CINÉ+ CLUB – MERCREDI 26 JUIN À 22 H 25 – FILM
Plus d’une fois, il est arrivé au Turc Nuri Bilge Ceylan de céder à la tentation de la belle image, au poids des grandes significations, à une gravité quelque peu affectée, en somme à une certaine morgue auteuriste. Il serait toutefois injuste de réduire à cela le cinéaste, qui sut aussi, avec Nuages de mai (1999) , Uzak (2002), Winter Sleep (2014), décrire d’entêtantes embardées existentielles, exercer un regard aguerri de photographe, entretenir une longue conversation avec la beauté.
Les Herbes sèches, imposant massif de fiction de plus de trois heures, met aux prises une poignée de personnages amers dans les solitudes rurales d’Anatolie, faisant craindre d’emblée un nouveau pensum. Pourtant, c’est tout autre chose, de plus conflictuel, de plus indémêlable. Une drôle d’invitation que nous fait Nuri Bilge Ceylan : celle de passer plus de trois heures en compagnie d’une crapule recuite dans son jus.
Samet (Deniz Celiloglu), enseignant dans un village perdu en l’attente d’une mutation à Istanbul qui n’arrive pas, ronge son frein dans cette plaine aux mœurs étriquées. L’homme s’autorise des gestes déplacés envers certains de ses élèves. Une plainte remonte jusqu’au rectorat, qui l’incrimine, lui ainsi que son collègue et colocataire Kenan (Musab Ekici).
Tréfonds de l’âme humaine
Les deux hommes courtisent la même femme, Nuray (Merve Dizdar), institutrice, femme de conviction, politisée, activiste au point d’avoir perdu une jambe au cours de récentes manifestations. Mis sur la sellette, Samet s’enlise dans la tourbe de son âme rabougrie, régnant sur sa classe en tyran puéril, et, dans l’arène amoureuse, faisant preuve d’une insondable bassesse.
Le film se propose ainsi de barboter dans un fond d’acrimonie et de ressentiment, a priori assez peu ragoûtant, mais fidèle à certains tréfonds de l’âme humaine, comme ce pouvait être le cas chez Ingmar Bergman.
Si Ceylan n’exempte son protagoniste d’aucune vilenie, il n’en exclut pas non plus son côté pathétique, misérable. A la déroute de ce personnage si peu amène, le film adjoint toutes sortes de brèches où la beauté s’engouffre. A commencer par ces splendides séquences photo, chaque fois que Samet tire le portrait d’un habitant, la région se dévoilant alors par une série de vues fixes, sur son versant documentaire.

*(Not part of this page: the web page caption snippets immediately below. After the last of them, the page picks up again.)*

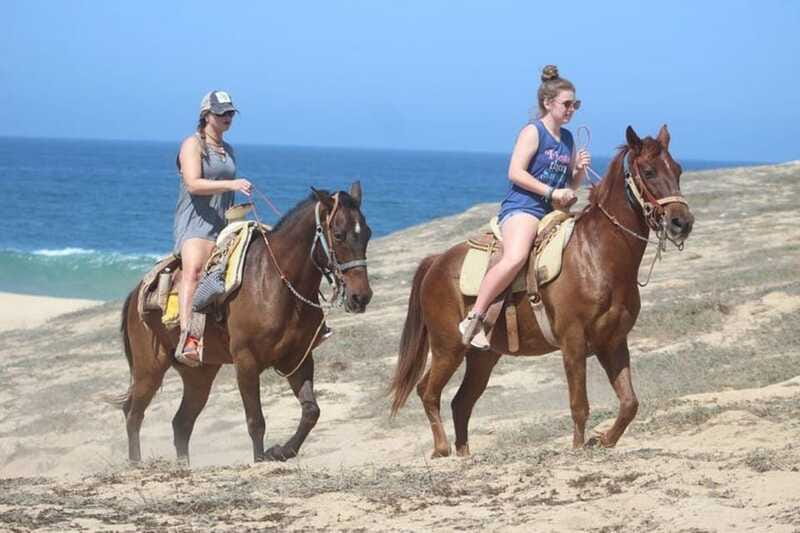 Cabo San Lucas: Desert ATV & Beach Horseback Combo - Logistics and Booking Flexibility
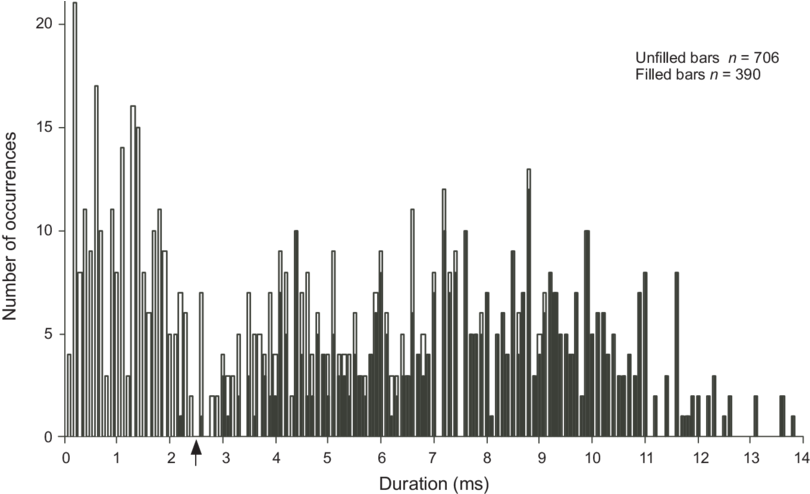 Duration Of All Signals Emitted During Aerial Hawking - Musical Keyboard (850x493), Png Download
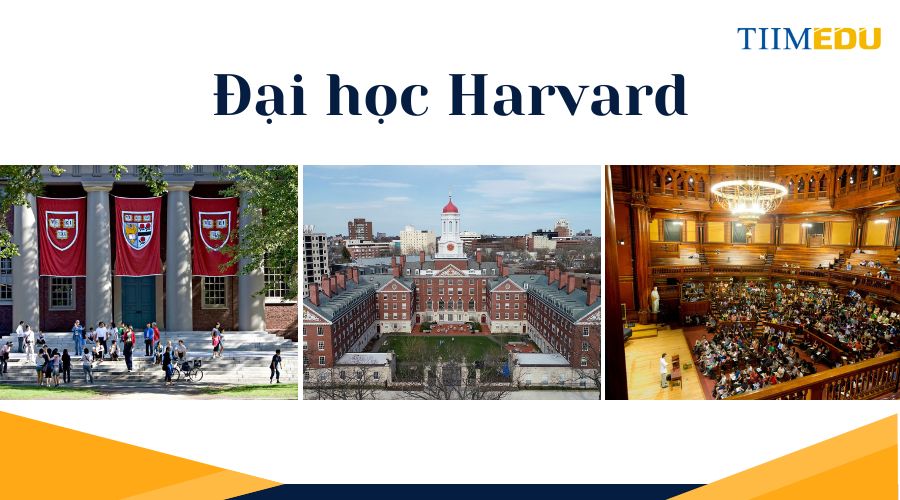 Đại học Harvard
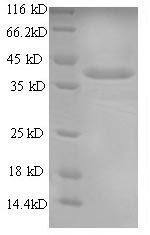 Greater than 90% as determined by SDS-PAGE.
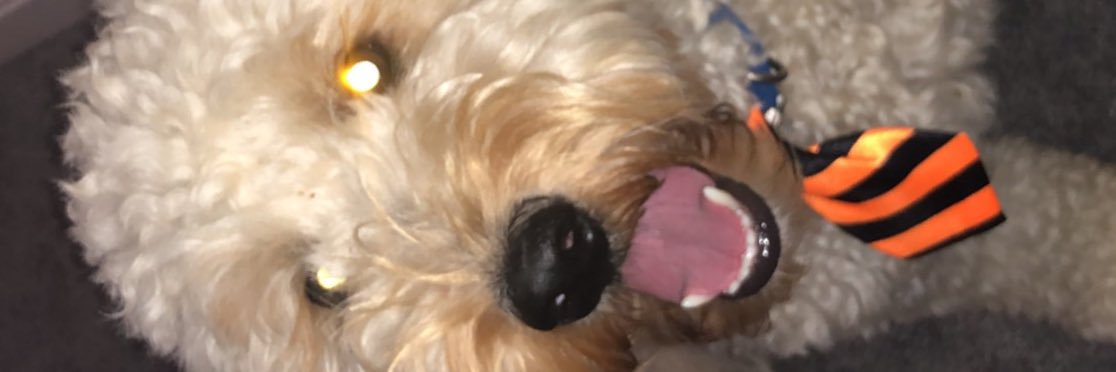 baileyyoung53's profile banner image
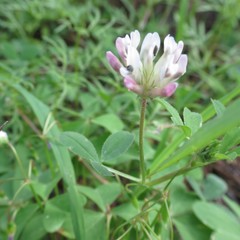 Trifolium pinetorum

La beauté est la véritable destination du film, qui l’accueille sans son surgissement naturel avec le retour du printemps – virage saisonnier in extremis en lequel le titre trouve son explication. Ceylan transcende la monotonie hivernale en inscrivant l’austère majesté du décor dans les lignes de force du cadre. La morne étendue dit alors quelque chose de l’âme perdue de Samet.
Les Herbes sèches, film de Nuri Bilge Ceylan (Turq.-Fr.-All., 2023, 197 min). Avec Deniz Celiloglu, Merve Dizdar, Musab Ekici, Ece Bagci.